Stock Market News : U.S. light crude oil prices surged more than 2% per barrel on Friday following comments from U.S. Federal Reserve Chair Jerome Powell, indicating that the central bank is preparing to cut interest rates.
Brent crude futures climbed by $1.80, or 2.33%, to close at $79.02 per barrel. U.S. West Texas Intermediate (WTI) crude futures rose by $1.82, or 2.49%, ending the day at $74.83 per barrel.
“The Federal Reserve’s pivot is real,” said Phil Flynn, a senior analyst at Price Futures Group. “It’s influencing all commodities.”
Earlier this week, both oil benchmarks hit their lowest levels since early January after the U.S. government significantly reduced its estimate of job growth through March, raising concerns about a potential recession.
On Friday, Powell supported easing the Fed’s policies, stating that a further slowdown in the job market would not be welcomed. He also expressed confidence that inflation is nearing the central bank’s 2% target.
“The risks of inflation have decreased, while the risks to employment have increased,” Powell said in his much-anticipated speech at the Kansas City Fed’s annual economic conference in Jackson Hole, Wyoming. “It’s time for policy to adjust. The direction is clear, and the timing and pace of rate cuts will depend on incoming data, the evolving outlook, and the balance of risks.”
Ahead of the speech, the U.S. dollar index softened to around 101.45. A weaker dollar typically boosts demand for dollar-priced oil from investors holding other currencies.
Morgan Stanley noted on Friday that a reduction in oil inventories has helped support prices. “Currently, the oil market is tight, with inventories decreasing by approximately 1.2 million barrels per day over the past four weeks, a trend we expect to continue through the third quarter,” the bank stated.
Meanwhile, recent data from China, the world’s largest oil importer, suggests its economy is struggling, leading to reduced oil demand from refineries. Additionally, ongoing ceasefire negotiations in Gaza between Israel and Hamas have eased supply concerns, putting further pressure on oil prices.
U.S. and Israeli delegations began a new round of meetings in Cairo on Thursday to work out differences over a truce proposal. The ceasefire talks in Gaza have lessened fears that the conflict might disrupt crude oil supplies.

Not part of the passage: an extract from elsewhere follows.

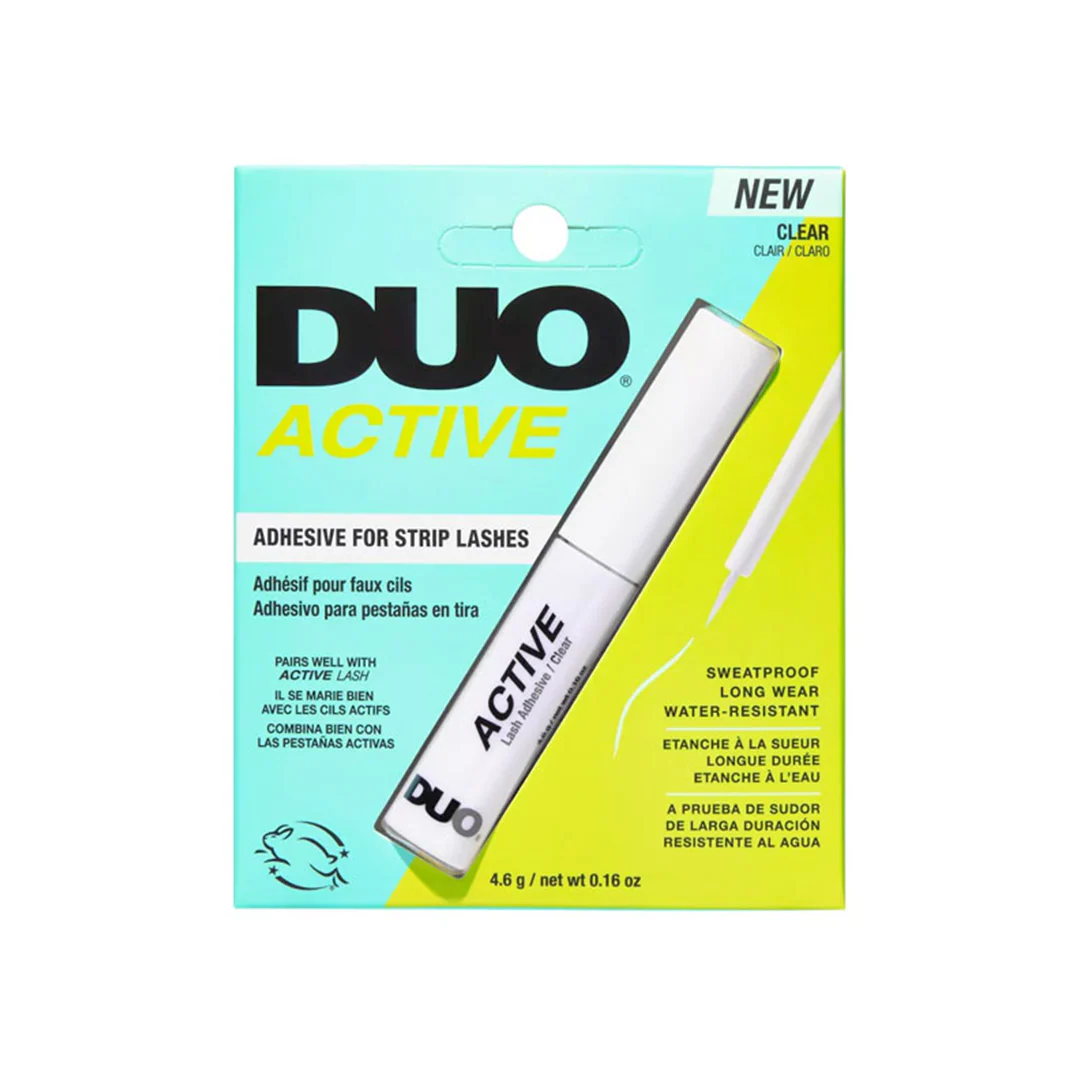 DUO Active Brush On Lash Adhesive Clear – Beauty Outlet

In the U.S., energy firms reduced the number of active oil and natural gas rigs for the second consecutive week, according to energy services firm Baker Hughes. The number of oil rigs remained unchanged at 483, while gas rigs dropped by one to 97.
Stock Market News (FAQs)
Why did crude oil prices increase on Friday?

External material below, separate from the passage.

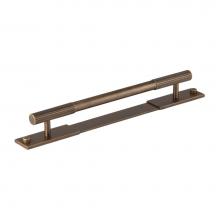 Armac Martin MIX2/160/SAS/SAS - 160mm Mix Handle Straight Knurl With Back Plate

Crude oil prices rose more than 2% on Friday after U.S. Federal Reserve Chair Jerome Powell indicated that the central bank is preparing to cut interest rates, which boosted market sentiment and impacted commodity prices, including oil.

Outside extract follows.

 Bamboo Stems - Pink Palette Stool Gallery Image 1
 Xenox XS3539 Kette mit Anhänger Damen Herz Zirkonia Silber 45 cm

What were the closing prices for Brent and WTI crude futures?
On Friday, Brent crude futures settled at $79.02 per barrel, up by $1.80 or 2.33%. U.S. West Texas Intermediate (WTI) crude futures closed at $74.83 per barrel, rising by $1.82 or 2.49%.
How did the Federal Reserve’s comments influence the oil market?
The Federal Reserve’s indication of potential interest rate cuts reduced concerns about a slowing economy and boosted demand for commodities like oil. A weaker U.S. dollar, resulting from these comments, also made oil cheaper for investors using other currencies.
What impact did the ceasefire talks in Gaza have on oil prices?
The ongoing ceasefire talks between Israel and Hamas helped ease fears of potential disruptions to crude oil supplies, which in turn put downward pressure on oil prices.
What is the current state of oil inventories and how does it affect prices?
Oil inventories have been decreasing by approximately 1.2 million barrels per day over the past four weeks, according to Morgan Stanley. This reduction in supply has helped support oil prices despite other market pressures.